Out of the Money (OTM): No intrinsic value.
- Call: stock is below the strike ($55 call when stock is $50)
- Put: stock is above the strike ($50 put when stock is $55)
Most income sellers target OTM strikes. You collect premium and the stock has to move against you before you're at risk.
Choosing a Strike for Selling
When selling options (CSPs or covered calls), use delta as your guide:
0.10-0.15 delta: Very conservative. ~85-90% win rate, but low premium.
0.20-0.30 delta: The sweet spot. ~70-80% win rate with meaningful premium. Most popular for the wheel strategy.
0.30-0.40 delta: Aggressive. Higher premium but ~60-70% win rate and more frequent assignment.

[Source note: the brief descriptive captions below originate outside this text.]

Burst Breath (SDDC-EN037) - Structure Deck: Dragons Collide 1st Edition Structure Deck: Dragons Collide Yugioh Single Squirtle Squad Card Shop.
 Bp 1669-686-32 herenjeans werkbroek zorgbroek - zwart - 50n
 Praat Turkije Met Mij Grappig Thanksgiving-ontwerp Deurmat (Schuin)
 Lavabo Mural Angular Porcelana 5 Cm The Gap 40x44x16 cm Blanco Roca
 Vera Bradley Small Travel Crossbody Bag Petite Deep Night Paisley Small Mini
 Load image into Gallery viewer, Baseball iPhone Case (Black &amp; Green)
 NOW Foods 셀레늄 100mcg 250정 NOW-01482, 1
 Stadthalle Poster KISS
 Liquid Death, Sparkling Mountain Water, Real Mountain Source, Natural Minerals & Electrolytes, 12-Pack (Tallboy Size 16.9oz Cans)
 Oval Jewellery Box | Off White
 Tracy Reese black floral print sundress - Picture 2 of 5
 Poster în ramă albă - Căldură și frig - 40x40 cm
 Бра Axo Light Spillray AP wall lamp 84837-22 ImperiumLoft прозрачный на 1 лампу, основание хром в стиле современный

Your broker's options chain shows delta for every strike. Start at 0.20-0.30 delta and adjust based on your conviction.
Expiration Date Basics
The expiration date is the deadline for your options contract. After this date, the option ceases to exist.
Common expirations:
- Weekly (7 days): Fast decay but little room for error
- Monthly (30-45 days): Ideal for sellers, balances premium vs. risk
- Quarterly (60-90 days): More premium, but slower decay and longer exposure
- LEAPS (1-2 years): Long-term, mostly used by buyers
The 30-45 DTE Sweet Spot
Research from tastytrade and other options firms consistently shows that 30-45 days to expiration (DTE) is optimal for premium sellers. Here's why:
- Theta decay accelerates meaningfully in this window
- Premium is still substantial (unlike weeklies where most decay already happened)
- You have time to adjust if the trade goes against you
- Gamma risk is manageable (unlike the final week)
Sell at 30-45 DTE, close at 50% profit (typically around 15-25 days in). Repeat.